Human review should be present at the right points, not as an afterthought, not everywhere, but at the places where the cost of a wrong interpretation is high. These are ordinary software engineering decisions. The vocabulary of the AI layer is new. The discipline around it is not.

Delivery

Building the right thing and delivering it to the wrong place is a common failure mode.

A briefing that arrives in a system no one checks becomes another report. A recommendation that lands without context for why it matters gets ignored. Delivery means understanding where work actually happens, what the operational rhythm looks like, and how the output needs to fit into that rhythm to be used.

This is less visible than the build. It is also where a lot of applied intelligence work quietly fails.

Evaluation

The useful question after delivery is not whether the system is running. It is whether behaviour changed.

Did follow-up happen earlier? Did managers notice risk sooner? Did the weekly review improve? Did people spend less time assembling context and more time acting on it? Did decisions become clearer? These questions take time to answer. They require talking to the people using the system, not just checking whether the output was produced. The output being produced is the floor.

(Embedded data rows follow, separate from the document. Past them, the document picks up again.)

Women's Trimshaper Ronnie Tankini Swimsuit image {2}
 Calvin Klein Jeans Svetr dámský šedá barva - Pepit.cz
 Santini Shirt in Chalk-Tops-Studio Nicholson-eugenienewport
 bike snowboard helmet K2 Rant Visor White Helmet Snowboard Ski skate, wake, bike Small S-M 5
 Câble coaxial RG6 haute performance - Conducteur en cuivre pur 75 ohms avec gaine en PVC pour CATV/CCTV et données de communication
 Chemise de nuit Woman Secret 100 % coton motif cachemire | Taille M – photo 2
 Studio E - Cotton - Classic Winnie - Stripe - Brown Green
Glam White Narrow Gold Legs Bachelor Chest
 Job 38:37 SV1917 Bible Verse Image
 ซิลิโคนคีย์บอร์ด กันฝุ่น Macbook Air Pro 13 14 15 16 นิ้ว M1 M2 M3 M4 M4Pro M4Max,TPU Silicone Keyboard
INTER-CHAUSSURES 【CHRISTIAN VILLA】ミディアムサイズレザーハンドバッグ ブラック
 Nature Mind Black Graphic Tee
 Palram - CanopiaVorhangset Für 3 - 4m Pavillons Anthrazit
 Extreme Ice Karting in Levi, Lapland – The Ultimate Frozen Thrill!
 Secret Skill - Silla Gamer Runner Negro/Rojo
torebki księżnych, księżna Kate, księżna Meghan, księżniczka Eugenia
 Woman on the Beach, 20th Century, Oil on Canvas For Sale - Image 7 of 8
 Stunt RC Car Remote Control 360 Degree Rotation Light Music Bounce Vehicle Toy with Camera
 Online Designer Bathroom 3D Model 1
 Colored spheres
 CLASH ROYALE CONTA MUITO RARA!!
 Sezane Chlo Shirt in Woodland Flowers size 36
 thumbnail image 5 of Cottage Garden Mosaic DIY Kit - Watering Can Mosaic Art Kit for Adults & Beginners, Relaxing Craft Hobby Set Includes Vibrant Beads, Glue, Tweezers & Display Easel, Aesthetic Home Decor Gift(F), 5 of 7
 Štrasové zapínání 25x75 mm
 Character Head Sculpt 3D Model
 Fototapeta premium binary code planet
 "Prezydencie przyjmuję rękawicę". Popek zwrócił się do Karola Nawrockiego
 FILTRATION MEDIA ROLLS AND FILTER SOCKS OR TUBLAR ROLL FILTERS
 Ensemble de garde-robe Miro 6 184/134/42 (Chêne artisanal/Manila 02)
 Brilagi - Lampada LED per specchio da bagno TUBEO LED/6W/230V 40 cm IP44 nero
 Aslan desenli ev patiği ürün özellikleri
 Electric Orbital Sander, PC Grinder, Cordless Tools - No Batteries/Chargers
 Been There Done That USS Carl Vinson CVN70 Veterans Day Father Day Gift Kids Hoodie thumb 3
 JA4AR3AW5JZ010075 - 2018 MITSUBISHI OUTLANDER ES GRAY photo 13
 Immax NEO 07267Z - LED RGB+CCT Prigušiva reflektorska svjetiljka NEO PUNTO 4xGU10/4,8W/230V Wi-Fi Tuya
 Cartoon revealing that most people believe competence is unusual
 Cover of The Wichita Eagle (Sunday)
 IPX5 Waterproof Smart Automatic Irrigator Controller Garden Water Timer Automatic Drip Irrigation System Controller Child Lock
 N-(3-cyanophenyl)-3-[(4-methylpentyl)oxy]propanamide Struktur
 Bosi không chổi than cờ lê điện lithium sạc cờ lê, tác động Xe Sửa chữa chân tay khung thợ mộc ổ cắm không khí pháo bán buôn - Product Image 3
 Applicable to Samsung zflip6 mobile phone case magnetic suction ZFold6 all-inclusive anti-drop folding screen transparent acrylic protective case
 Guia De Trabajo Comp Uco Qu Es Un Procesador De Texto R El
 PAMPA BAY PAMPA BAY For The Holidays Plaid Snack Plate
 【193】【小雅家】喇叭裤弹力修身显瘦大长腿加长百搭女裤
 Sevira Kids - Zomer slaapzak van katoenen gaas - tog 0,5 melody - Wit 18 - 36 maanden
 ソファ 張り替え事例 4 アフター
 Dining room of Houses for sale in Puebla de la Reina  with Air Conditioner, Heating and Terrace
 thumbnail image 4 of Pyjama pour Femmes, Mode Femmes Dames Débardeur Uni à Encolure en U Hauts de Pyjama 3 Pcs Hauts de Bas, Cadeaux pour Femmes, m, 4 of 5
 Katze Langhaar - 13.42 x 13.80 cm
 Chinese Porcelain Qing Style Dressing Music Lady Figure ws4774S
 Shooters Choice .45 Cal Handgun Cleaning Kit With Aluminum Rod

Behaviour changing is the actual measure.

Optimization

The system should get better as the organisation learns what signals matter.

That might mean changing which data is included, refining how exceptions are described, adjusting when a briefing is delivered, or adding a category of risk that became visible through use. This is not magic autonomy. It is the same disciplined iteration that any production system requires, informed by what real users noticed, what they acted on, and what they did not.

This series is our attempt to think through that work in public. The next posts will take each stage separately, discovery, planning, design, execution, delivery, evaluation, and optimization, and make the thinking more concrete as we learn.